These costly lawsuits are coming on top of the threat of multimillion dollar fines from regulators for companies that violate these laws. In the EU, for example, greenwashing fines can potentially attract a penalty of a minimum of 4% of the company’s total annual revenue, and in Australia, that amount swells to 30% of total revenue, or a maximum of AU$ 50 million. In the U.S., even though the SEC has recently been forced to pause its climate reporting rules, its Enforcement Task Force Focused on Climate and ESG Issues has been bringing action against firms that use fund names that are likely to mislead investors about a fund’s investments and risks. Recently, the task force announced a $19 million penalty for a major investment advisor for making false claims about an investment fund’s green credentials.

Moreover, the broad definitions these regulators use to describe a green claim are wide enough to capture all sorts of potential misrepresentations, including those made in reference to both products and services. The UK, for example, defines green claims as “claims that show how a product, service, brand or business provides a benefit or is less harmful to the environment.” Australia uses similar language, defining greenwashing as: “any claim that makes a product or service seem better or less harmful for the environment than it really is.”

This is a big issue for large corporations. According to a recent study from McKinsey and NielsenIQ, products making sustainability-related claims averaged 28% cumulative growth over the past five years, while products that made no such claims grew at a rate of 20%. In fact, today, products marketed as “sustainable” products account for nearly half of all retail sales. In a separate study, McKinsey found that 60% of consumers said they’d pay more for a product with sustainable packaging.

Together, the runaway growth of the sustainable goods marketplace, the increased consumer demand for environmentally friendly products and the tightening of regulations designed to stop false claims of sustainability has created a high-risk environment for businesses that market their goods under the eco imprimatur. The issue has become so prevalent that attorneys from the law firm Mintz recently described greenwashing as an emerging risk for large corporations, explaining in The National Law Review, that the growing number of class action lawsuits, “may have uncertain outcomes, be expensive to litigate, and can result in costly settlements for companies as well as significant reputational harm.” The law firm Cadwalader Wickersham & Taft LLP put some teeth behind this thesis by providing a detailed list of many recent greenwashing cases brought against large corporations.

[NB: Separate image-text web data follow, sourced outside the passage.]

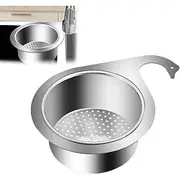 Stainless Steel Drain Basket for Kitchen Sink, Multifunctional Swan Drain Strainer Basket, Faucet Hanging Fruits Strainer Colander, Food Filter Basket, Vegetab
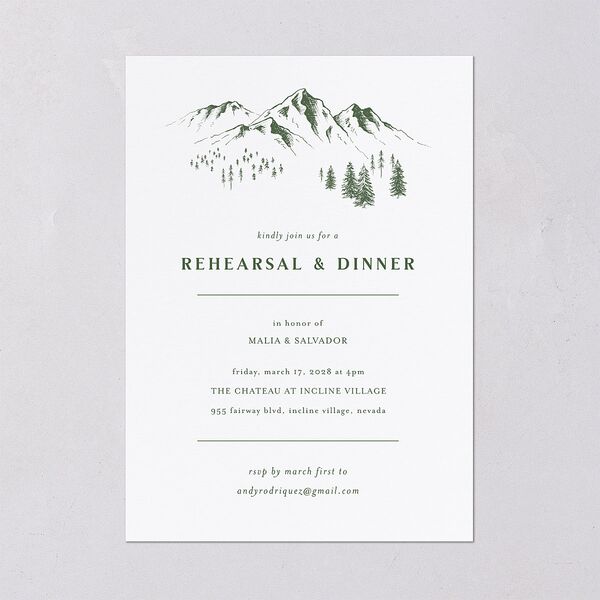 Etched Mountains Rehearsal Dinner Invitations Hunter Green Signature Blank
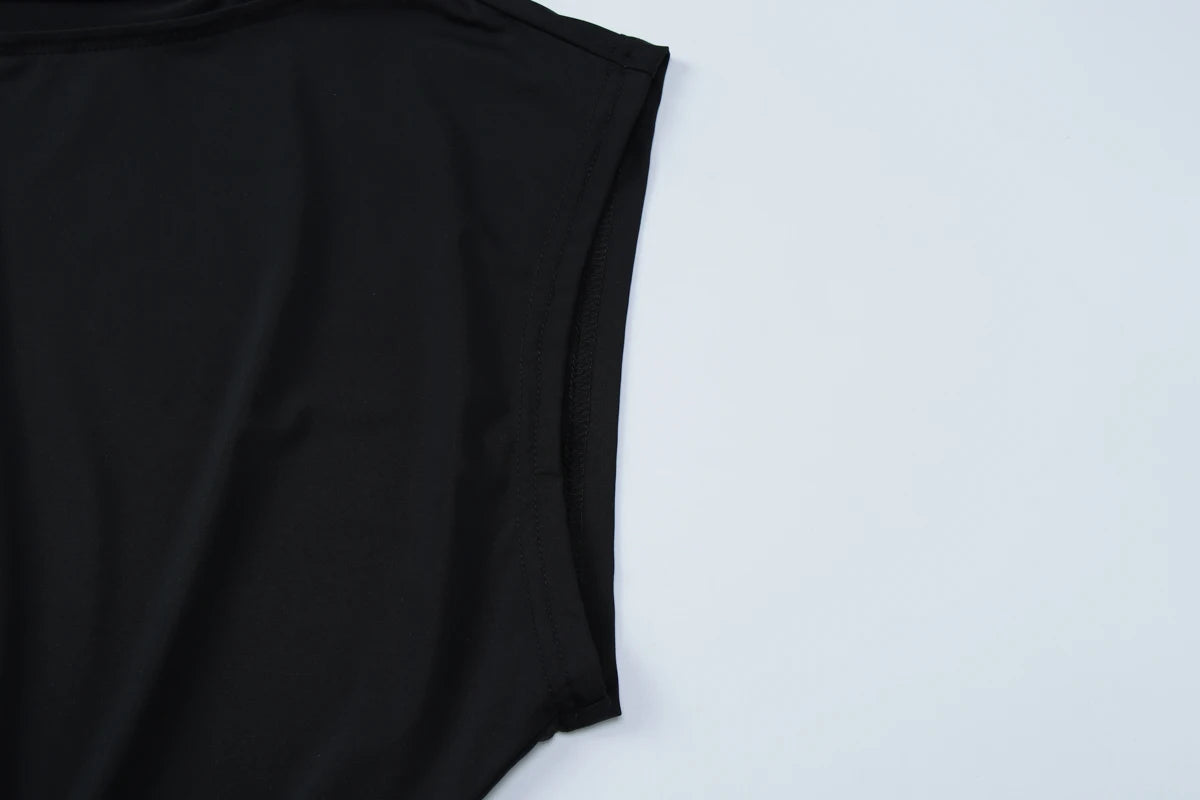 ★ Asymmetric Collar Lace Sleeveless Top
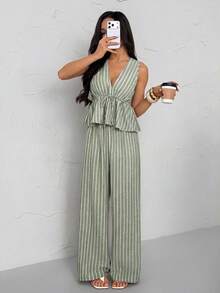 SHEIN PETITE 女款綠色條紋綁腰無袖襯衫與長褲兩件套，夏季休閒波希米亞度假復古風格，適合嬌小身型野餐穿搭 - 軍綠色 - 查看 4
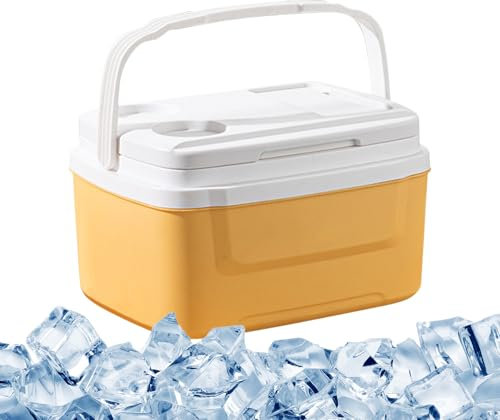 Camping-Kühler, 8 l, Auto-Kühlschrank, tragbarer Gefrierschrank, auslaufsicher, große Eistruhe mit Griff, tragbare Lunchbox für Reisen, Getränke, Wandern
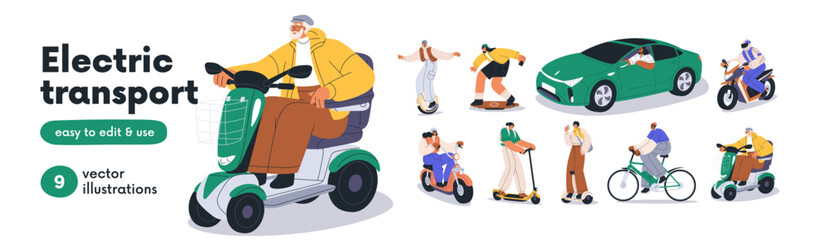 Naklejka na ściany i meble Electric transport set. People ride, drive eco-friendly green vehicles- car, scooter, bicycle, bike, hoverboard. Modern transportation. Flat graphic vector illustrations isolated on white background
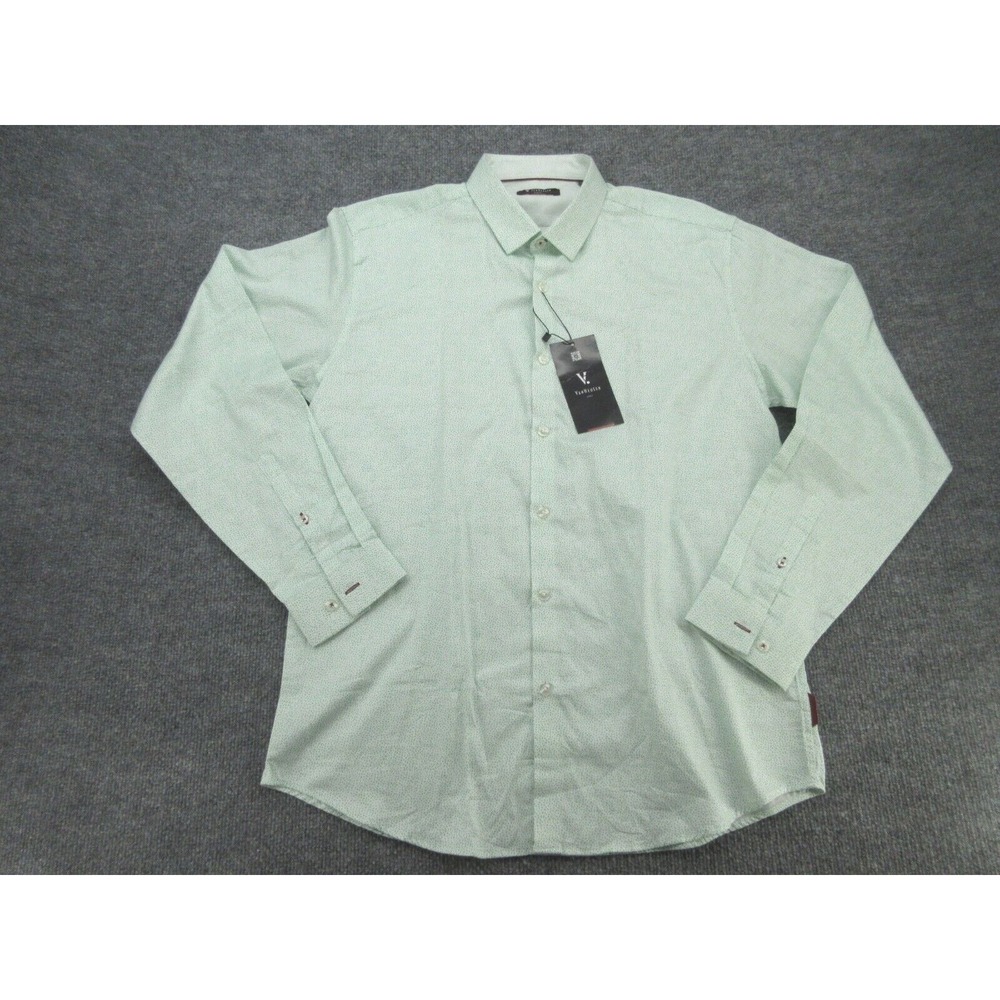 Van Heusen Mens Button Up Slim Fit NWT Green Micro Pattern Dress Shirt 16.5 42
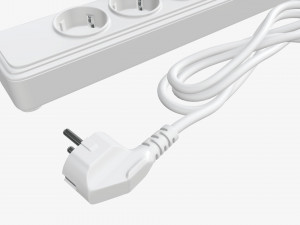 Power strip EU with USB ports white Model 3D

Growing Importance of Quantifiable Sustainability Data

So, what should companies do? Is the brand halo that comes along with an image of sustainability worth the risk of scrutiny and potential brand damage if that image is found to be lacking credibility? And what about brands that have been falsely marketing themselves as sustainable for many years? Could they suffer losses if they suddenly dropped their veneers of environmental virtue?

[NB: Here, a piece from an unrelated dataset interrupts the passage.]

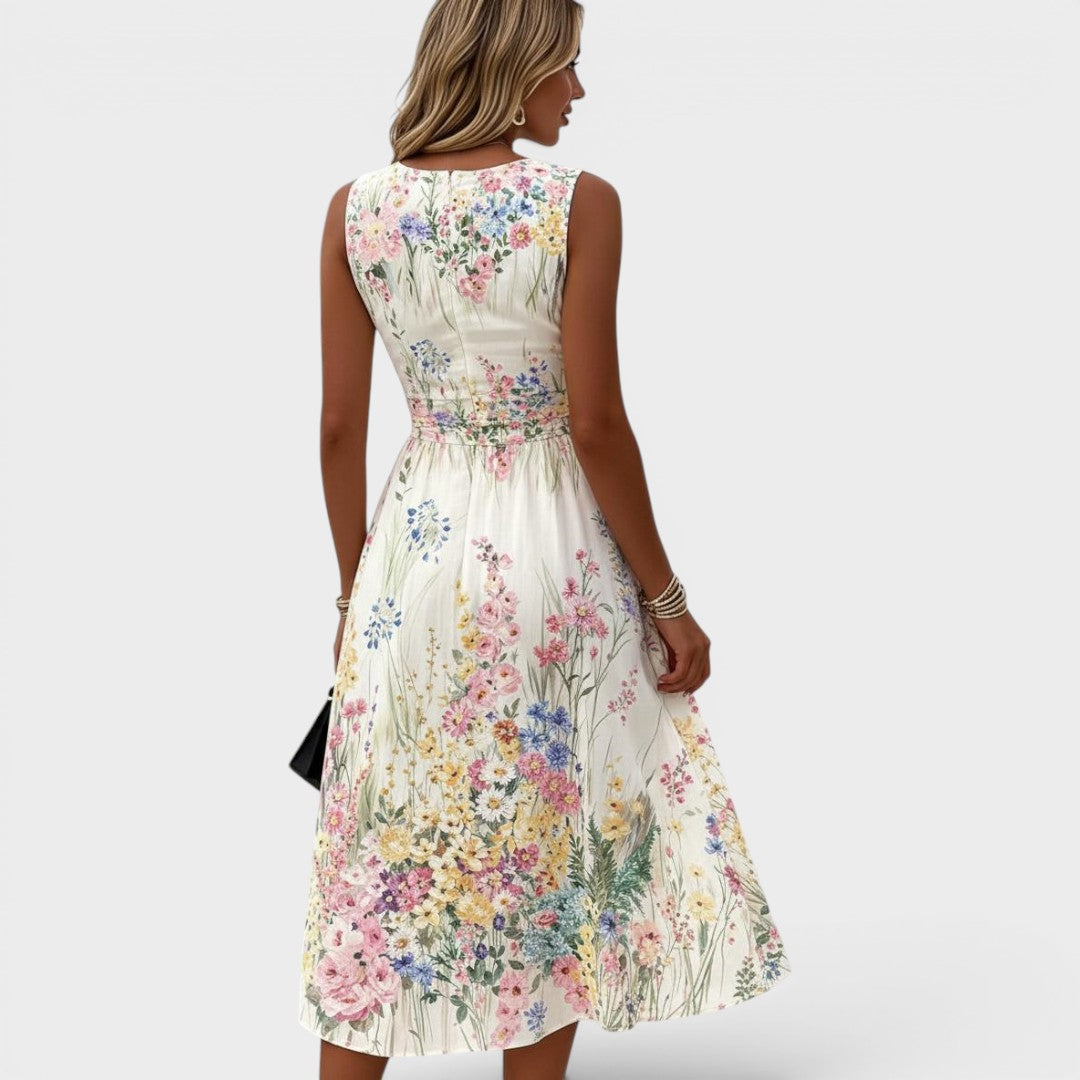 Naomi - Sleeveless Floral Midi Dress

The only way companies can successfully navigate this increasingly fraught environment is to build a rock-solid foundation beneath their green claims. The businesses that are going to survive the current wave of green scrutiny are going to be those that can deliver verifiable data, in many cases signed off by third-party assurance providers, to substantiate every claim they make. Many companies have already successfully defended themselves in greenwashing lawsuits, and many more have started publishing details of their sustainability data including their disclosure reporting associated materiality assessments. This information will go a long way to helping them defend their green claims in the future.

Ultimately, the only viable response to the rising risk of greenwashing litigation is to take a page from the finance and accounting departments and start treating sustainability reporting like financial reporting. Only by focusing on the quantifiable aspects of sustainability – the specific impacts of business activities on things like carbon emissions, biodiversity loss and human rights – can businesses ensure that they are living up to their own hype.